Francis studied him shrewdly.  "Why," he replied at length,
hesitatingly, "there is that controversy of the Constable of Dubrois;
certain lands and a castle, long since rightly confiscated."

"Your Majesty, there is another castle, and lands to spare, in a
distant country," returned the duke quickly.  "These will suffice."

"As you will," said the king in a livelier tone.  "For the future,
command our good offices--since you have made us sponsor of your
fortunes."

With which well-covered confession of his own defeat, Francis strode
away.  As he turned, however, he caught the smile of the Duchesse
d'Etampes and crossed to her graciously.

"Your dress becomes you well, Anne," he said.
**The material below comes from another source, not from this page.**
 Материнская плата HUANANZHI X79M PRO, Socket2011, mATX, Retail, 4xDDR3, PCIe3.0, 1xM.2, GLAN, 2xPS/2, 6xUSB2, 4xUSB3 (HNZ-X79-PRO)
She glanced down at herself demurely; her lashes veiled a sudden gleam
of triumph.  "How kind of you, Sire, to notice--my poor gown."

"I was right," murmured Triboulet, joyfully, as he saw king and
favorite walking together.  "No one will ever replace the duchess."

Silent, hand in hand, the duke and the joculatrix stood upon the
balcony.  Below them lay the earth, wrapped in hazy light.  Behind
them, the court, with its glamour.

"Have I done well, Jacqueline, to answer the king as I have done?" he
said finally.  "Are you content to resign all--forever--here in France?
To go with me--"

"Into a new world," she interrupted.  "Once I asked you to take me, but
you hesitated, and were like to leave me behind you."

"But now 'tis I who ask," he answered.

"And I--who hesitate?" looking out over the valley, where the shadow of
a cloud crossed the land.

"Do you hesitate, Jacqueline?"

She turned.  About her lips trembled the old fleeting smile.

"What woman knows her mind, Sir Fool?  Yet if it were not so--"

"If it were not so?" he said, eagerly.

Her eyes became grave on a sudden.  "I might believe I had been of one
mind--long."

"Jacqueline!--sweet jestress!--"

He caught her suddenly in his arms, his fine young features aglow.
This then was the goal of his desires; a goal of delight, far, far
beyond all youthful dreams or early imaginings.  With drooping eyelids,
she stood in his embrace; she, once so proud, so self-willed.  He drew
her closer--kissed her hair!--the rose!--

She raised her head, and--sweeter still--he kissed her lips.

Across the valley the shadow receded; vanished.  In the full glory of
nightly splendor lay the earth, and as the mystic radiance lighted up a
world of beauty, it seemed at last they beheld their world; the light
more beautiful for the shade and the purple mists.